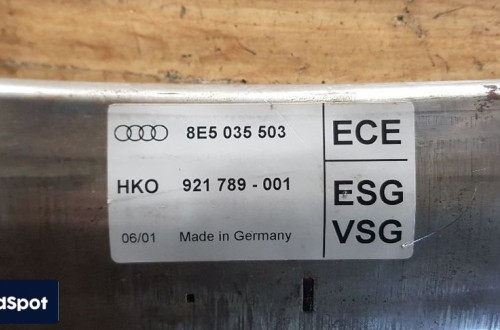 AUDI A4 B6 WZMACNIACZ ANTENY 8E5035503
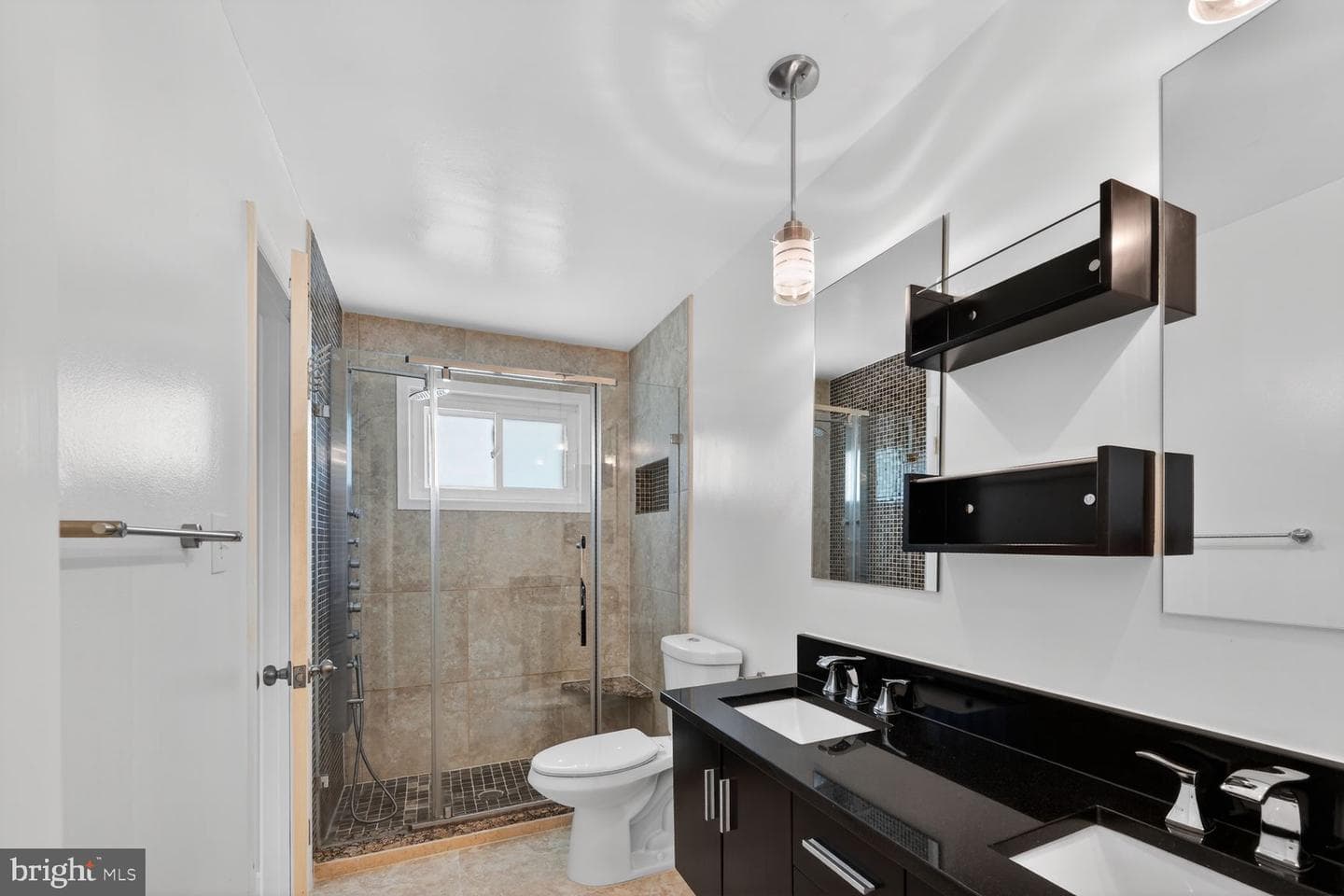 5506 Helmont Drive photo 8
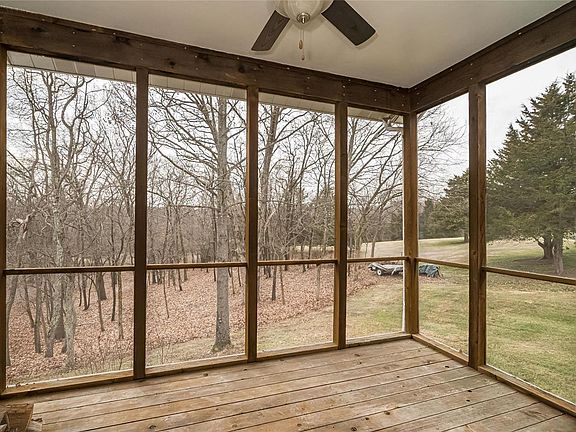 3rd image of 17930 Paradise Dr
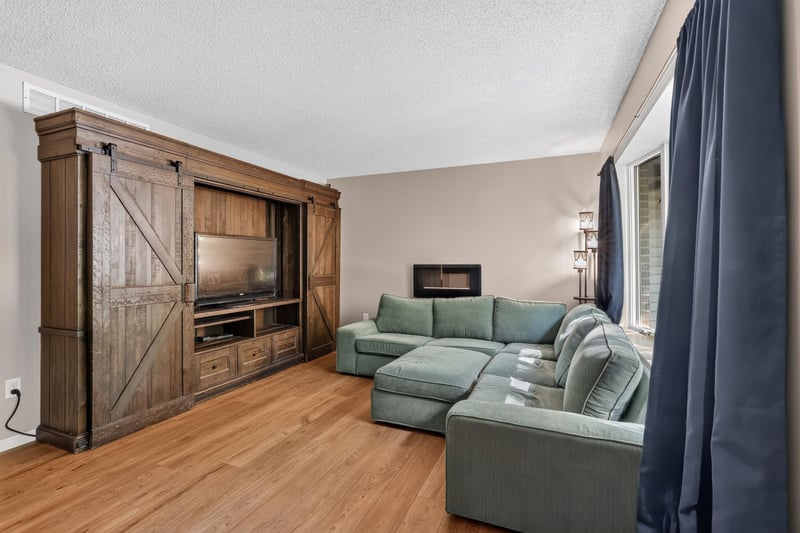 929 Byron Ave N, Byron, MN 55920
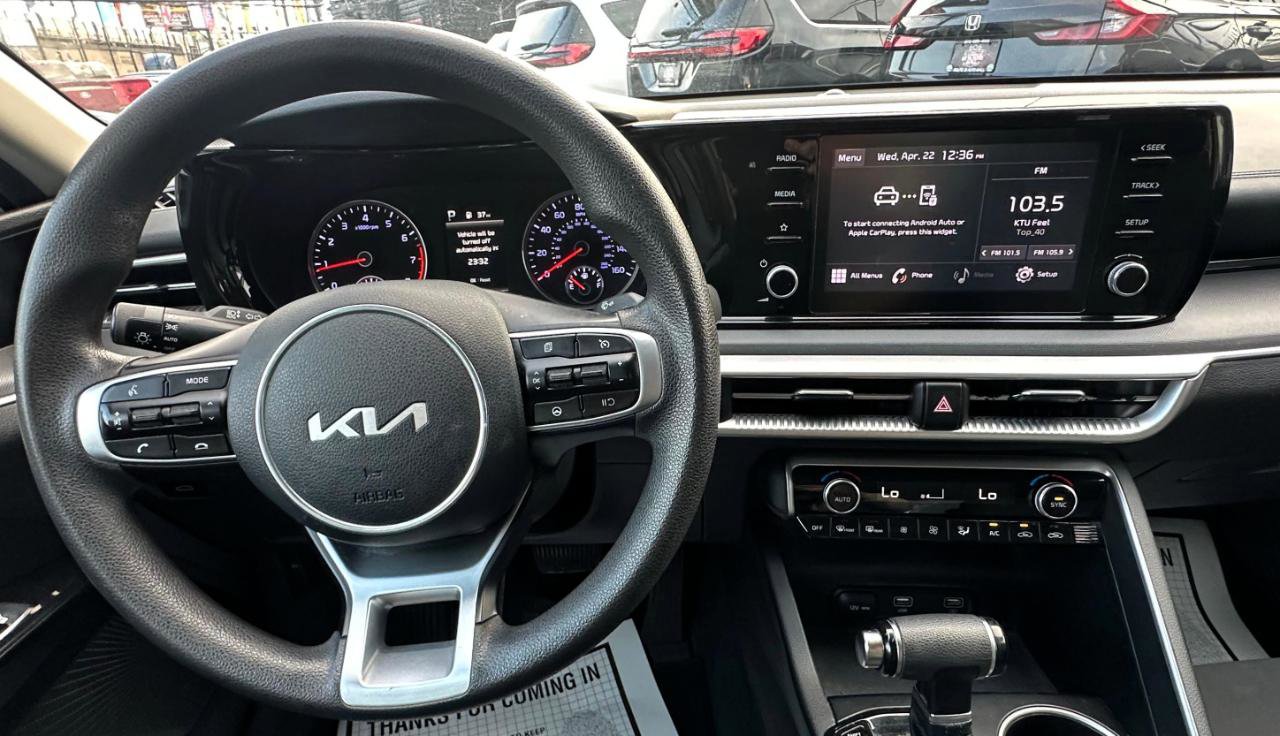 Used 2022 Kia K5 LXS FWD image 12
- - -
* WORK INSTRUCTION:
Reproduce, word for word, every line from the one that contains "929 Byron Ave N, Byron, MN 55920" to the end of the data, including both ends; omit all pictures.

* EXPECTED OUTPUT:
 929 Byron Ave N, Byron, MN 55920
 Used 2022 Kia K5 LXS FWD image 12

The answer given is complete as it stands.